■ EXERCISE INPUT:

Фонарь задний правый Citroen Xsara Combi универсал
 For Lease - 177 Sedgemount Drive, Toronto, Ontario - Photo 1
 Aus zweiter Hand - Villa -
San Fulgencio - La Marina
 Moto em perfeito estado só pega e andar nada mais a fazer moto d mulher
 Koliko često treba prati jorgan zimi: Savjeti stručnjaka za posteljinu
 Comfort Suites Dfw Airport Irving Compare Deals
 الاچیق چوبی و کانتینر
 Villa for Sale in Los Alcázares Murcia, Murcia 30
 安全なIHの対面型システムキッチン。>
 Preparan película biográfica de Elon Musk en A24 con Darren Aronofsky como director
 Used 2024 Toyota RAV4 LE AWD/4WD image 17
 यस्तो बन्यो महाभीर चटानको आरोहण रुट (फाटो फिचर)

■ WORK REQUEST:
In the entries above, identify each line that includes the string "Villa", then copy it.

■ RESPONSE AREA:
 Aus zweiter Hand - Villa -
 Villa for Sale in Los Alcázares Murcia, Murcia 30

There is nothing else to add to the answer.